Headline: Lent : When Change Needs Further ChangePosted on: 2015-04-19
The nature of change
"Just because you don't take interest in politics does not mean politics won't take interest in you", so said Pericles, the Greek statesman and politician. We Nigerians all seem to understand that well enough. Right now one could say that one idea that dominates all political discourse and activities in Nigeria is "change". It is so good to note that the concept of change has become so ubiquitous and even attractive. Seemingly, everybody uses it. Change is of course, central to this period of Lent which, properly understood, is about transforming the self and the world. Despite all the anxiety that preceded these general elections, one could still afford some comic relief, occasionally hearing the ruling People's Democratic Party members (PDP) appropriate the "change" mantra of the main opposition party, the All People's Congress (APC), while insisting that they, not the opposition, are the "change" that Nigeria really needs. In truth none of the parties was being original in this matter for, indeed, none can claim the copyright of change. Change belongs firmly to God and in all nature. That explains why change is the only thing that is constant and "unchanging". Everything else changes, except of course, the Author of change, God himself.

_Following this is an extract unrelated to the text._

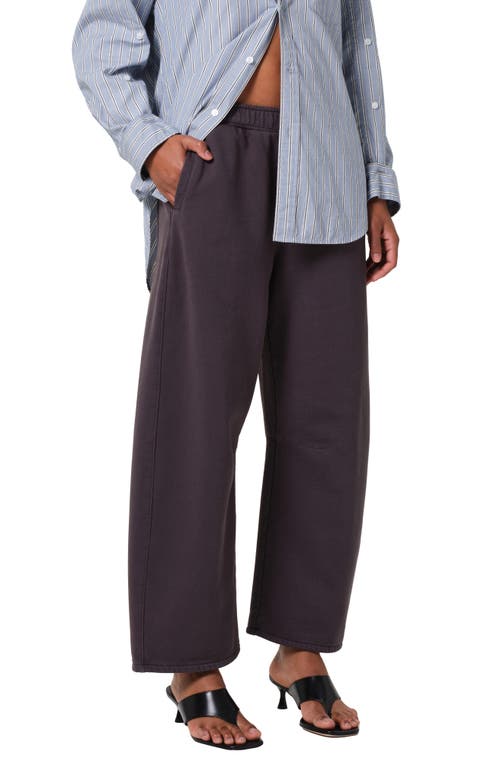 Shop Citizens Of Humanity Miro Cotton Fleece Sweatpants In Charcoal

Centering the call for change
Nigerians right now are in the top gear process for change but it is quite difficult to decipher the genuineness of that desired change. Some people have still not even thought deeply about it. John Cardinal Onayekan, Catholic Archbishop of Abuja Archdiocese, took a shot at the issue during the 2015 Cathedraticum celebration last week at St. John Catholic Church, Abuja. He confirmed that Nigerians are generally disenchanted with the state of affairs in their country, decried the widespread fear and anxiety pervading the country and assured everyone that God will intervene to usher in a state of renewal. His words thereafter then, with a touch of humor, defined his own idea of the desired change: "My position is that there has to be change. I am not talking about change from bus conductors. I don't care who wins, whether it is PDP or APC, but whoever wins, there has to be (true) change because people are not happy with what is happening; people are hungry, people are suffering".

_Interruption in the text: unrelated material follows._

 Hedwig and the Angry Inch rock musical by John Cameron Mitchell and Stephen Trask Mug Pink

When change needs changing
Cardinal Onayekan is right in my view. Much of the change in demand in Nigeria is unfortunately about material and physical needs. These, of course, are necessary but not sufficient. Nigerians want a change from poverty to prosperity, from scarcity to abundance and from devastation to restoration. This is why most people cry for a change in government. That kind of change however may not still translate into better life for all. Nigerian politics is regrettably replete with players with scant integrity, who change their position too many times on too many issues, not because they see the light but because they feel the heat, of failure, of disappointment, of prosecution or even of imprisonment. That makes the kind of change they offer suspect. We therefore need to return to basics for us to realize how we have messed up not just our economy and sociology but our morality and spirituality as well. The change we now desire therefore needs further change, namely an entire value- system-change, to return us to the path of true prosperity, progress, harmony and peace.
I am the Lord your God
Who then can best change the sort of all human beings or of the creation which sustains them if not the Creator God who put them together in the first instance? God once gave the tool for genuine change against all human misdemeanor, misrule and mismanagement which we all denounce so much today. The tool consists in what has been known for all time as "The Ten Commandments", God's code of conduct. Older, simpler and superior to all modern, human codes of conduct and constitutions, God's code of conduct has been largely ignored by man to his own detriment. In these most intriguing times there can be no harm in remembering and paying attention to these clear unambiguous tenets: I am the Lord your God who brought you out of the house of slavery, do not have other gods before me; Do not take the name of the Lord your God in vain; Remember the Sabbath day and keep it holy; Honor your father and your mother that you may live long in the land that Yahweh has given you; Do not kill; Do not commit adultery; Do not steal; Do not give false witness against your neighbor; Do not cover your neighbor's house; Do not covet your neighbor's wife or his servant. (Ex 20:1-17).
Seeking the Lord when he is near
Leo Tolstoy the Russian writer once wrote : "Everybody thinks of changing humanity". How many people think seriously of changing...themselves? It is very clear that Nigeria has a problem with lack of adherence to what we believe. In this sense we are all in the class of politicians who harbor little intention of putting into practice what they declare. How I wish we could get all Christians in Nigeria to actually follow God's Ten Commandments, living in peace with God, with all and everyone. That, by simple logic, would halve the problem of Nigeria as a country for problems are created not by rocks and grass but by people. And perhaps in that way, we could persuade our brothers and sisters of other faiths to also practice what they profess. Then and then, what a beautiful country we would all have here! Now we can all ask two simple questions: "If not now, then, when? If not us then, who?